Task description:
Below are entries; output exactly the lines from the one with "Ray-Ban RX 5510 2012" to the one with "Mới đầu tháng", both included, and nothing else.

Source information:
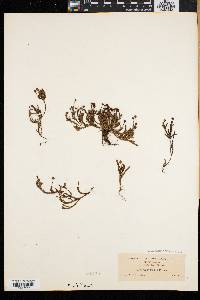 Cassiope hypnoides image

--

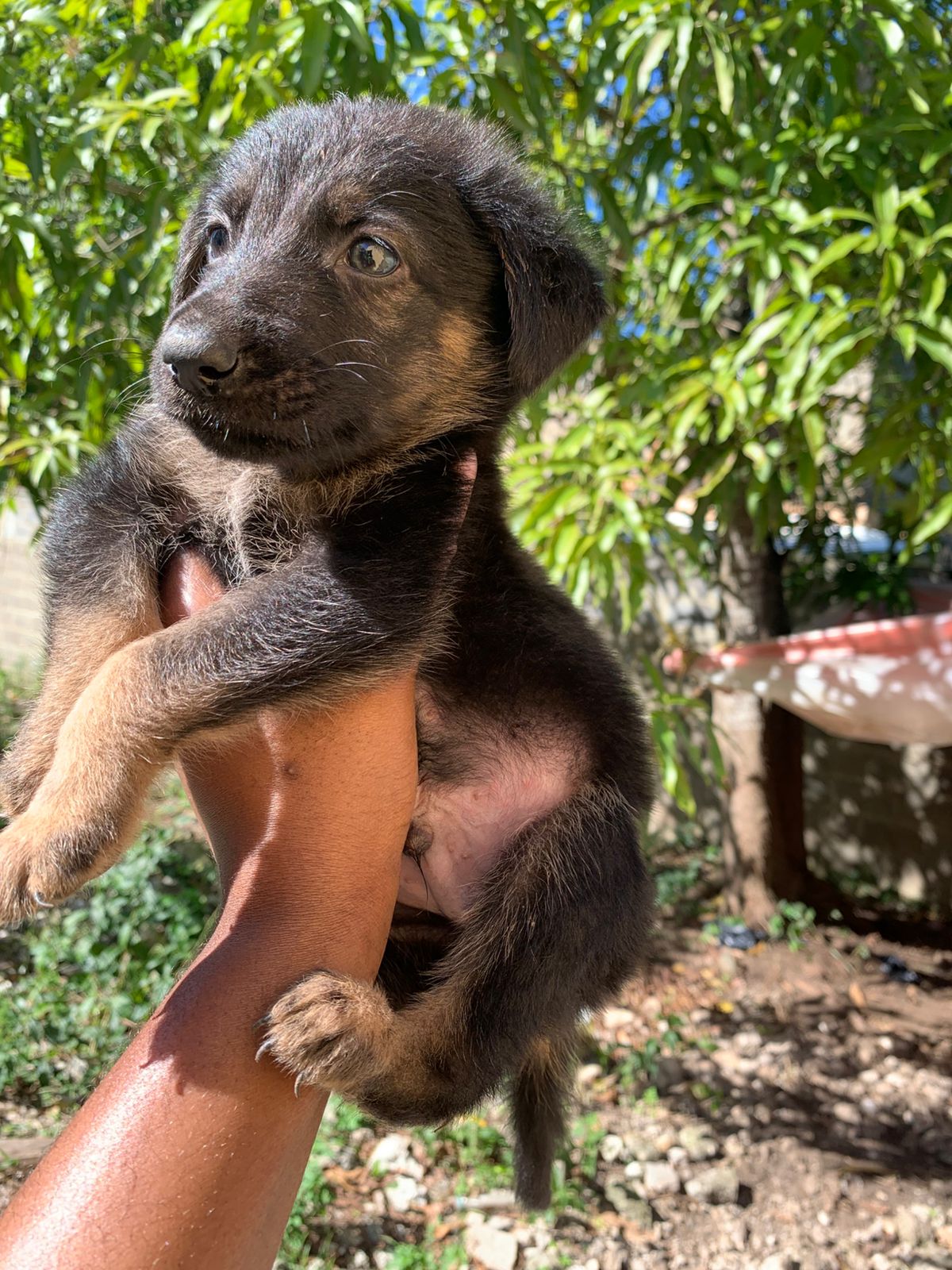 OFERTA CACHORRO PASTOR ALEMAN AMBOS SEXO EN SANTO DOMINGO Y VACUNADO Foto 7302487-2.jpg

--

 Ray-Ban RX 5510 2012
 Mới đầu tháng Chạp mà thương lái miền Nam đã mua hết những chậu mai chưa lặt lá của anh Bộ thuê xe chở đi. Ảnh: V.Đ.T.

Response:
 Ray-Ban RX 5510 2012
 Mới đầu tháng Chạp mà thương lái miền Nam đã mua hết những chậu mai chưa lặt lá của anh Bộ thuê xe chở đi. Ảnh: V.Đ.T.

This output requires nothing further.